**Stored data**

-- -- --

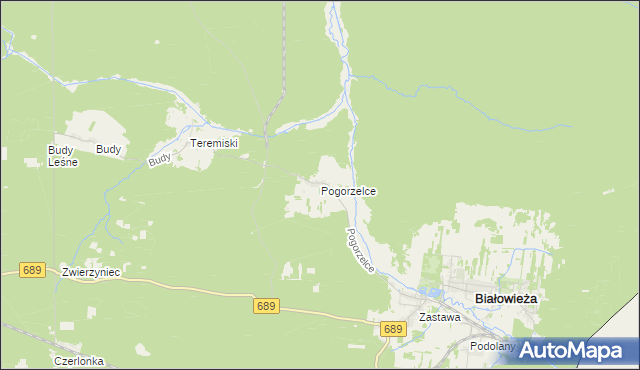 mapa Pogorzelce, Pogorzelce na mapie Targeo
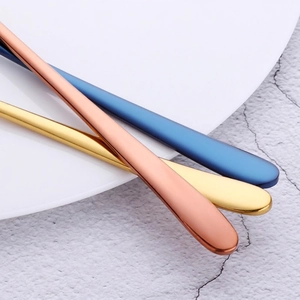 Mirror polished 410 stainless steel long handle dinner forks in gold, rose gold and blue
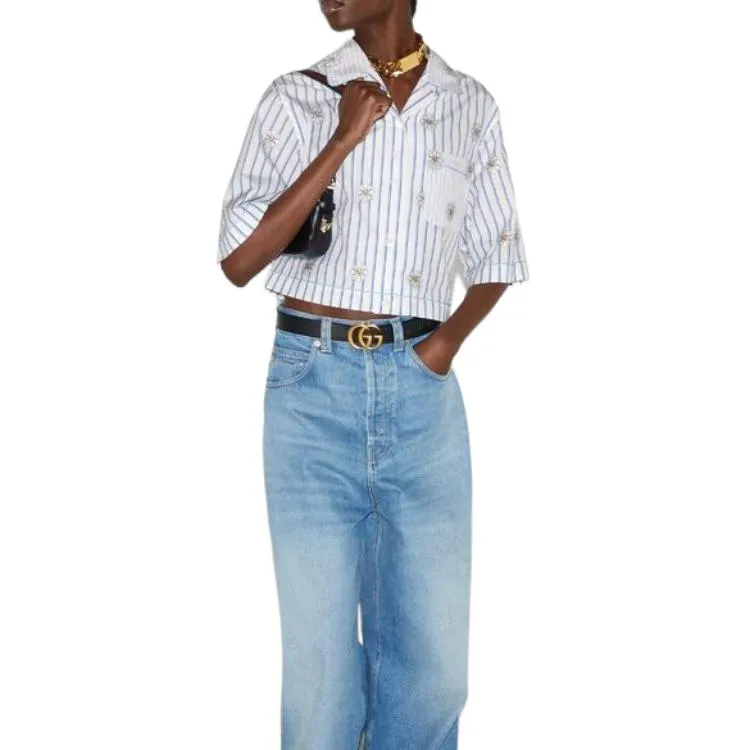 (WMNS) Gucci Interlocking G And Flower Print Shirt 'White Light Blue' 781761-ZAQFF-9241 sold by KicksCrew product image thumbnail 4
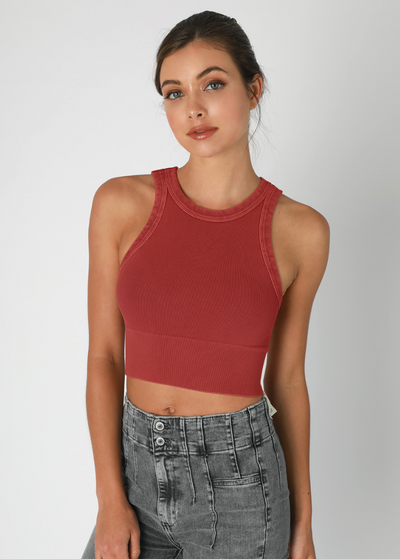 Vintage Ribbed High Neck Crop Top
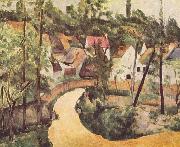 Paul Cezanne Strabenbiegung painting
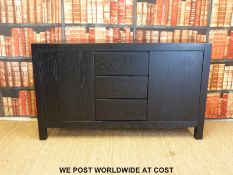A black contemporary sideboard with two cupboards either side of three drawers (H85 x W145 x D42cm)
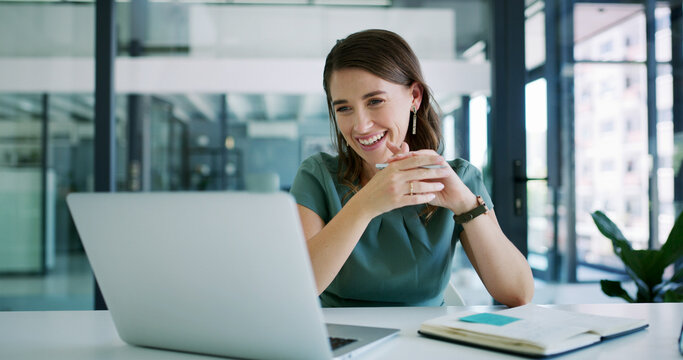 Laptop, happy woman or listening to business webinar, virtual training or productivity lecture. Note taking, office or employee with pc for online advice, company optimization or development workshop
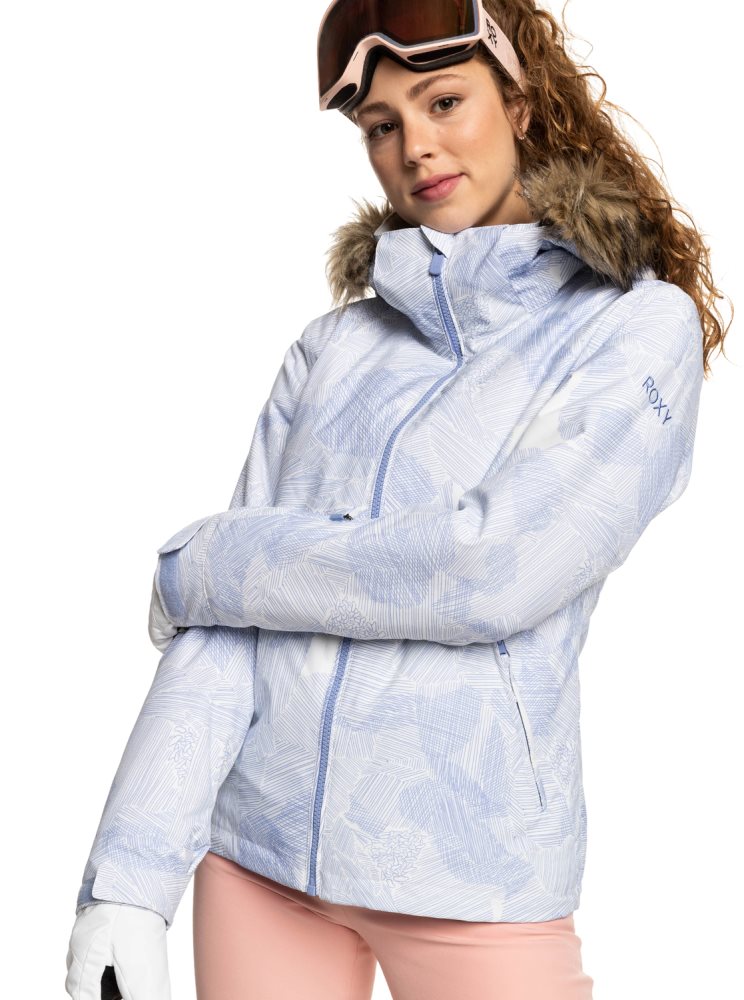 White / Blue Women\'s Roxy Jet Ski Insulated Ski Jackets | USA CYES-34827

-- -- --

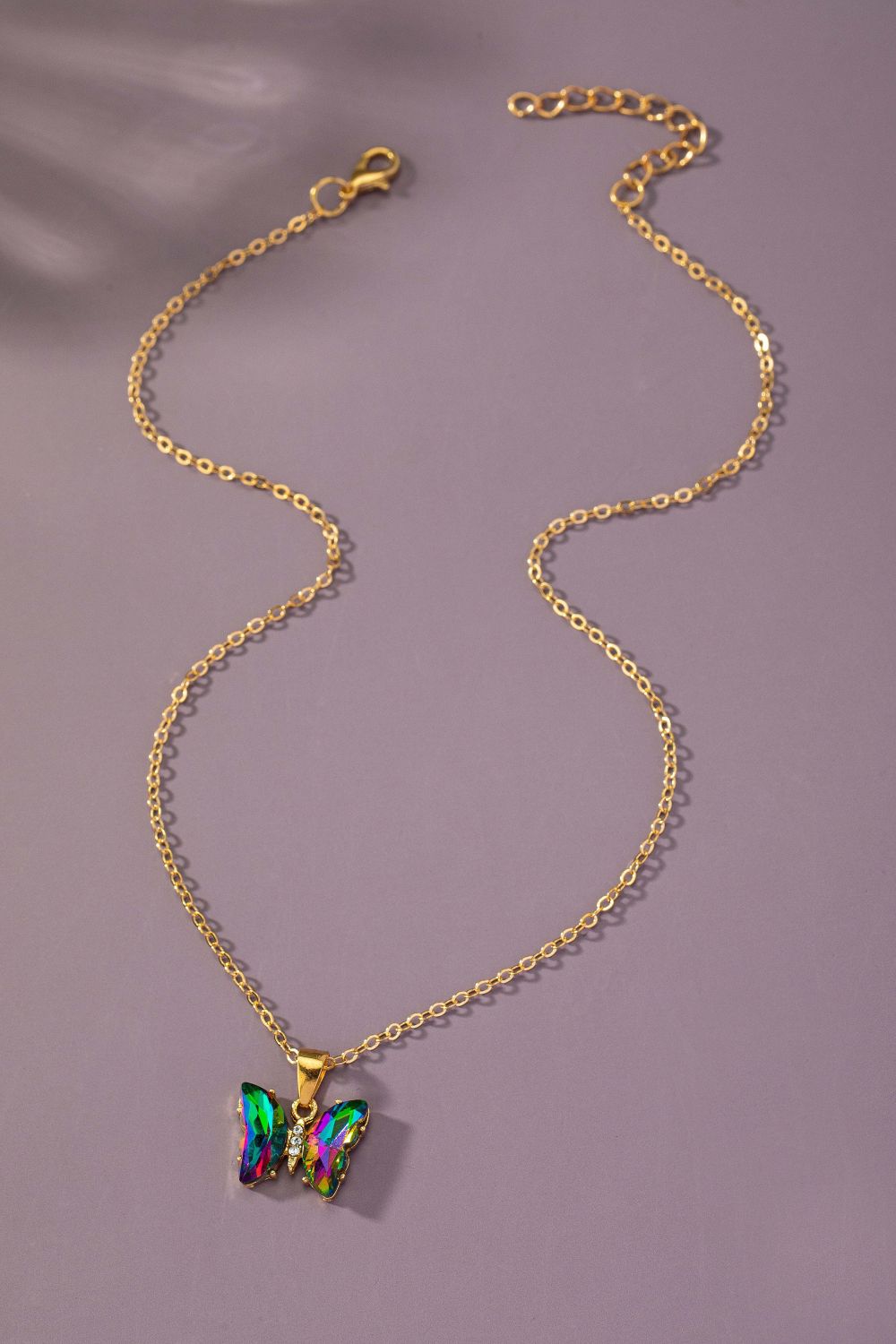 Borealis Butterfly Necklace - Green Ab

-- -- --

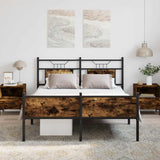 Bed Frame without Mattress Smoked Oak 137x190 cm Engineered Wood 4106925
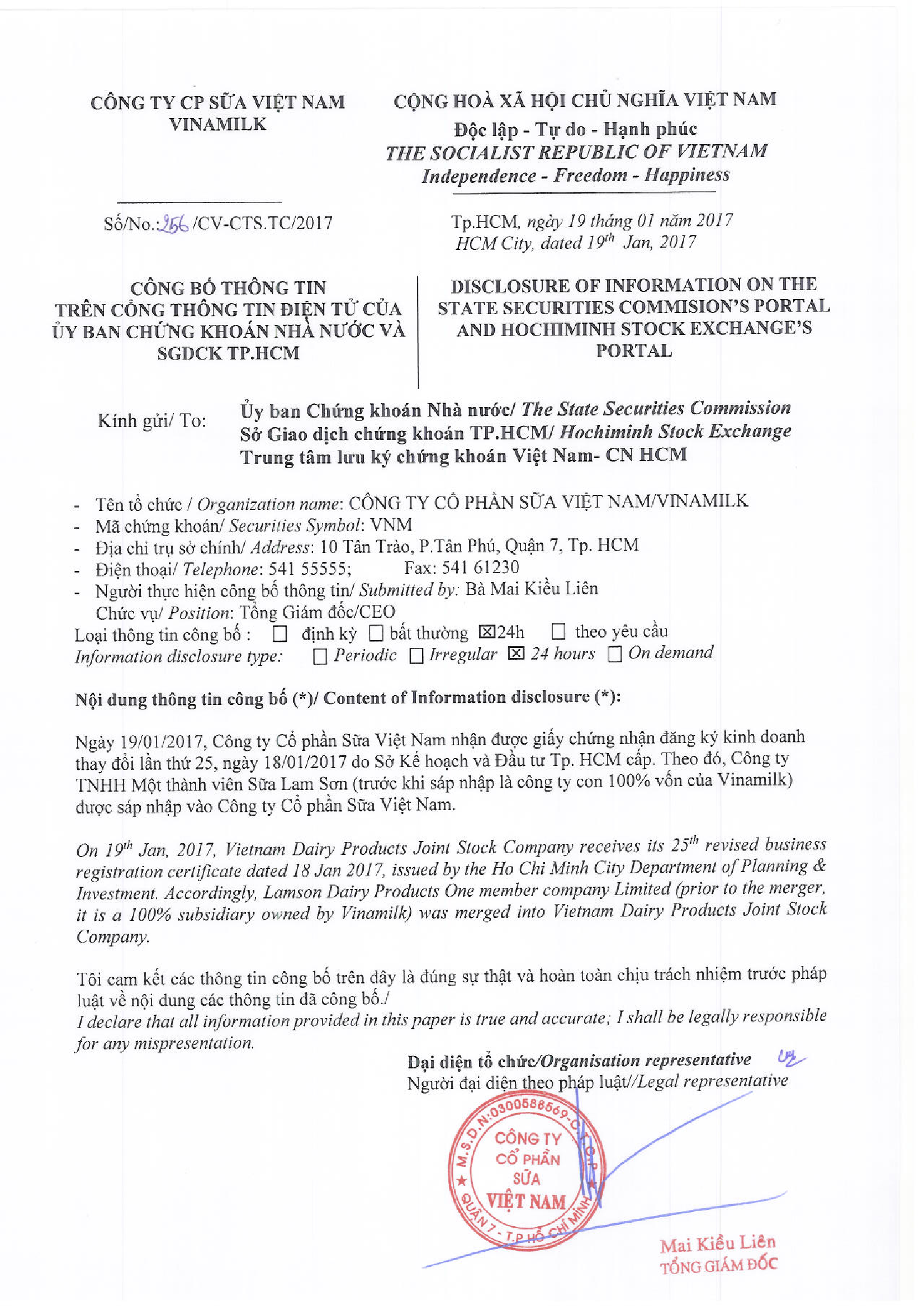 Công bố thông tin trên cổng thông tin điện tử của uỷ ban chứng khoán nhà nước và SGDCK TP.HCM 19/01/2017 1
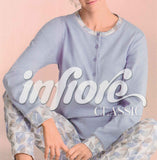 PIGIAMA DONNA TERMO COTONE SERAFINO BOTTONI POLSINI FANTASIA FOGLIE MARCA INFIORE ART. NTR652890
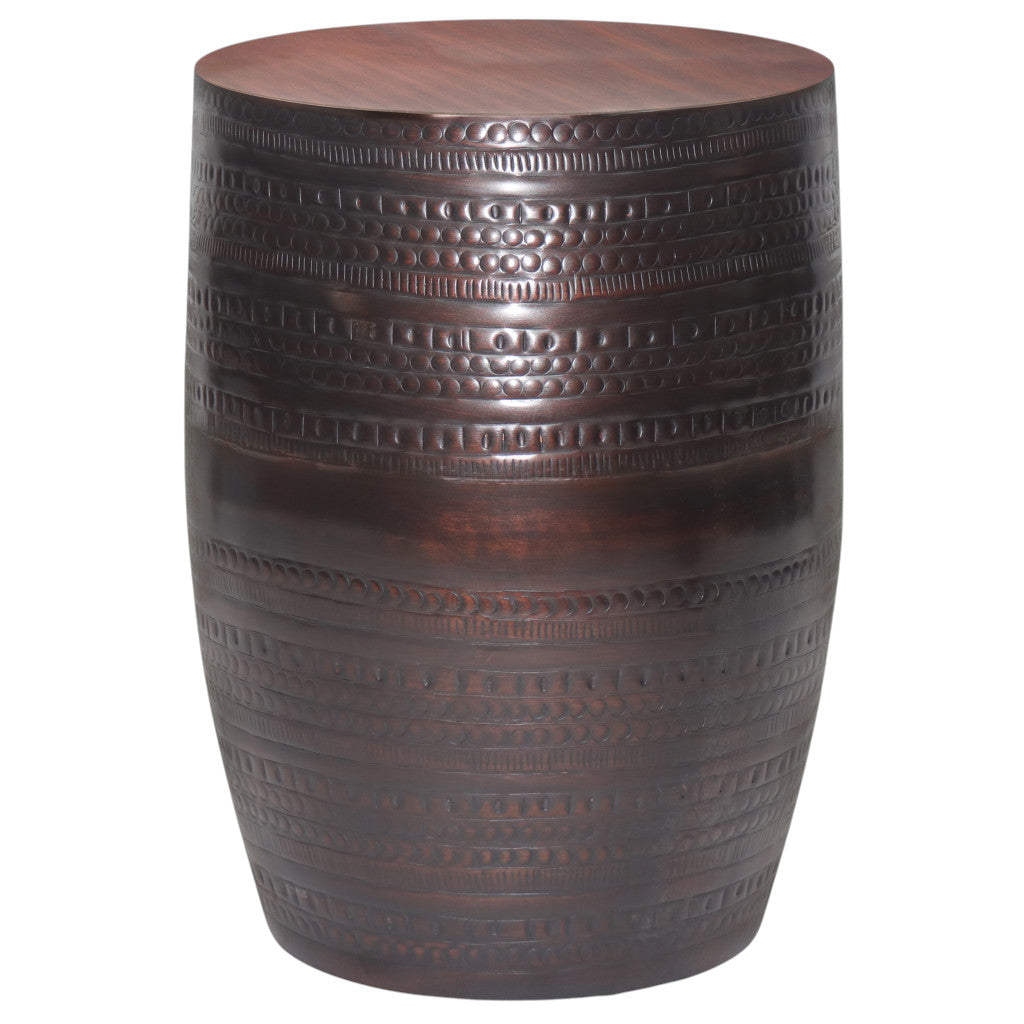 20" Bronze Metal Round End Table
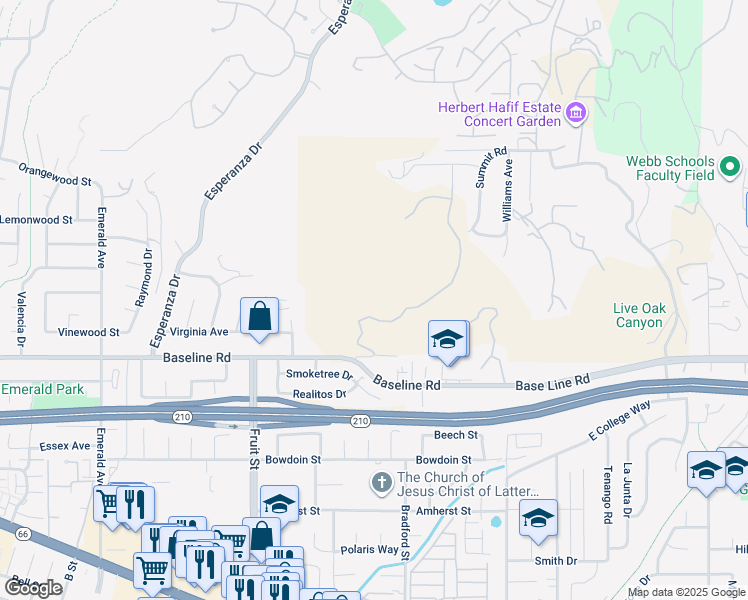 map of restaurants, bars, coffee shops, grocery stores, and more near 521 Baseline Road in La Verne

-- -- --

All pictures are to be skipped. Output, word for word, the lines in the data above starting at the line containing "A black contemporary" and ending at the line containing "White / Blue".

**Response**
A black contemporary sideboard with two cupboards either side of three drawers (H85 x W145 x D42cm)
 Laptop, happy woman or listening to business webinar, virtual training or productivity lecture. Note taking, office or employee with pc for online advice, company optimization or development workshop
 White / Blue Women\'s Roxy Jet Ski Insulated Ski Jackets | USA CYES-34827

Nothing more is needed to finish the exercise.